We are grateful to Hajnal Andréka, István Németi and Lászlo E. Szabó for the inspiring discussions on the subject. This research is supported by the Hungarian Scientific Research Fund for basic research Grants Nos. T81188 and PD84093.

## Author information

Authors

### Corresponding author

Correspondence to Attila Molnár.

## Appendix

### Poincaré Transformation Theorem

Here we are going to prove Theorem 1 sating that:

\begin{aligned} {\mathsf{MSpecRel}}\vdash (\forall k,h \in {\mathrm {IOb}})\ {\mathrm {w}}_{{k}{h}}\, \mathrm{is\, a\, Poincar}\acute{\mathrm{e}} \,\mathrm{transformation.}\hbox \mathrm{''} \end{aligned}

To prove that $${\mathrm {w}}_{{k}{h}}$$ is a Poincaré transformation, it is enough to show that it takes lines of slope 1 to lines of slope 1, since there is an Alexandrov–Zeeman type theorem which works only with these premises, see Madarász and Székely (2013). To prove this lemma, let us introduce the following notation for the speed corresponding to coordinate points $$\bar{x}$$ and $$\bar{y}$$:

\begin{aligned} {\mathrm {v}}(\bar{x},\bar{y}) \mathop {=}\limits ^{{ def. }}\frac{{\mathrm {Space}}(\bar{x} , \bar{y})}{{\mathrm {Time}}(\bar{x} , \bar{y})}. \end{aligned}

### Lemma 1

(Light-line) Assume MSpecRel. Then every worldview transformation is a bijection taking lines of slope 1 to lines of slope 1.

### Proof

Worldview transformations are bijections by Proposition 2.

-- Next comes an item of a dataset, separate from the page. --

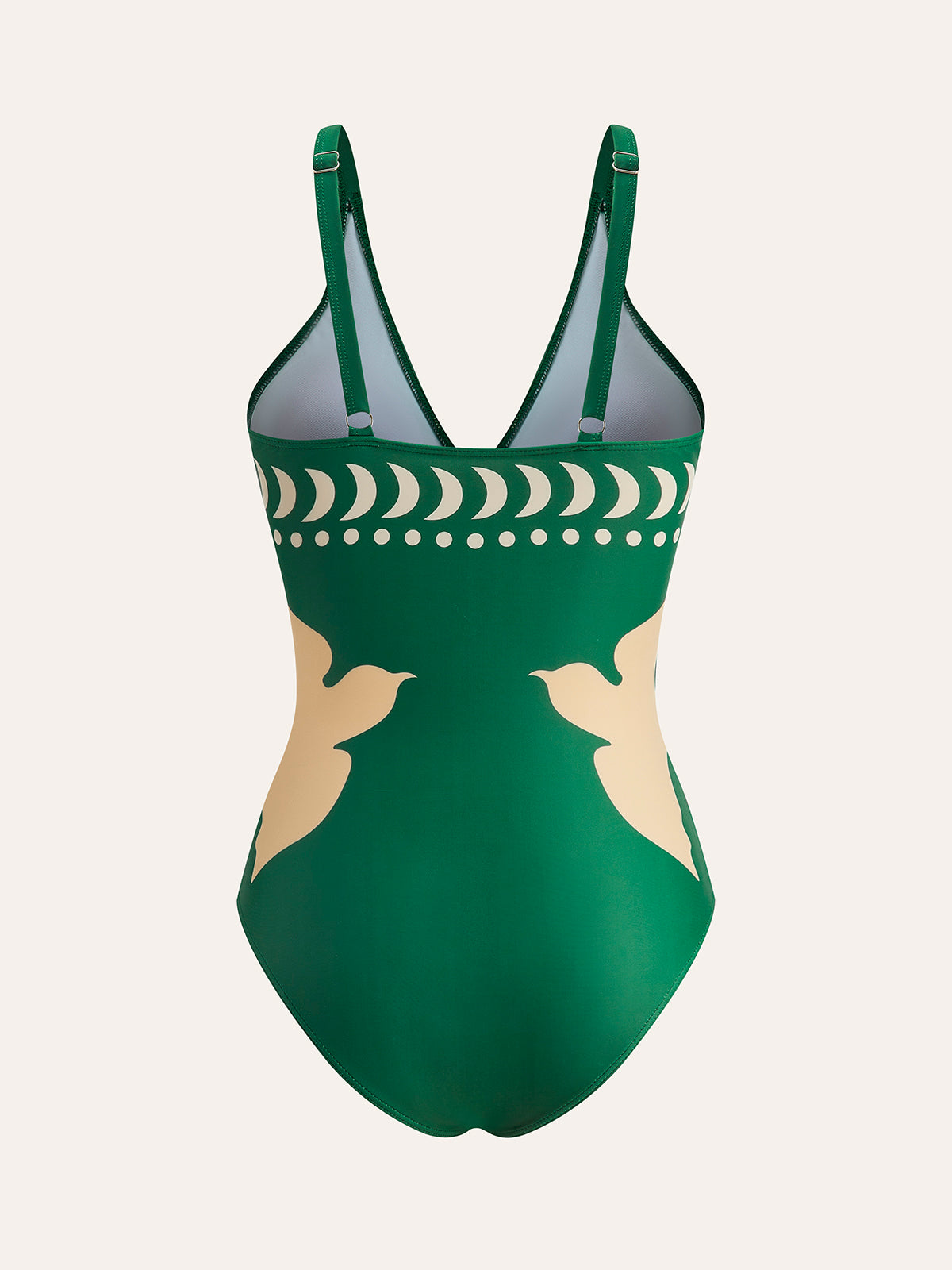 Swimsuit with Birdprint and Cut-Out Details for Women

Now we prove that worldview transformations take lines of slope 1 to lines of slope 1. By AxEField, $${\mathrm {v}}(\bar{x} ,\bar{y})={\mathrm {v}}(\bar{y} ,\bar{z})={\mathrm {v}}(\bar{z} ,\bar{x})=1$$ implies that $$\bar{x}$$, $$\bar{y}$$ and $$\bar{z}$$ are collinear. Therefore, to finish our proof, it is enough to derive the following formula:

\begin{aligned} (\forall k,h \in {\mathrm {IOb}}) (\forall \bar{x},\bar{y}) [{\mathrm {v}}(\bar{x} ,\bar{y})=1 \rightarrow {\mathrm {v}}({\mathrm {w}}_{{k}{h}}({\bar{x}}),{\mathrm {w}}_{{k}{h}}({\bar{y}}))=1]. \end{aligned}
(14)

Let $$k$$ and $$h$$ be arbitrary observers in a world $$w$$, and let $$\bar{x}$$ and $$\bar{y}$$ be coordinate points such that $${\mathrm {v}}(\bar{x} ,\bar{y})=1$$. By $${{\mathsf{AxPhExp}}}$$, in every $$w$$ world, there is an accessible world $$w'$$ such that $$wRw'$$ and in $$w'$$ there is a light signal $$p\in {\mathrm {ev}}_{k}({\bar{x}})\cap {\mathrm {ev}}_{k}({\bar{y}})$$ in $$w'$$. By $${\mathsf{AxMFrame}}$$, $$k$$ still exists as an observer in $$w'$$. So $$p\in {\mathrm {ev}}_{k}({{\mathrm {w}}_{{k}{h}}({\bar{x}})}) \cap {\mathrm {ev}}_{k}({{\mathrm {w}}_{{k}{h}}({\bar{y}})})$$ by $${\mathsf{AxMEv}}$$. Consequently, by $${\mathsf{AxPhObs}}$$:

\begin{aligned} {\mathrm {v}}({\mathrm {w}}_{{k}{h}}({\bar{x}}),{\mathrm {w}}_{{k}{h}}({\bar{y}}))=1; \end{aligned}

and this is what we wanted to prove.$$\square$$

### Proof of Symmetric Collision Theorem

Here we are going to prove Theorem 2 stating that: ### Proof

Let $$k$$ and $$h$$ be observers and let $$b$$ and $$c$$ be ordinary bodies in a world $$w$$ such that $${\mathrm {v}}_{k}(b)=0$$, $${\mathrm {v}}_{h}(c)=0$$ and $${\mathrm {SymColl}}({b},{c})$$ holds for them. Since $${\mathrm {SymColl}}({b},{c})$$ holds, there is an observer $$m$$ (the so-called median observer) in $$w$$ such that $$\bar{{\mathrm {v}}}_{m}(b) + \bar{{\mathrm {v}}}_{m}(c)=\bar{0}$$ and $$({b}\mathop {:}{c})_{m} = 1$$. See Fig. 10.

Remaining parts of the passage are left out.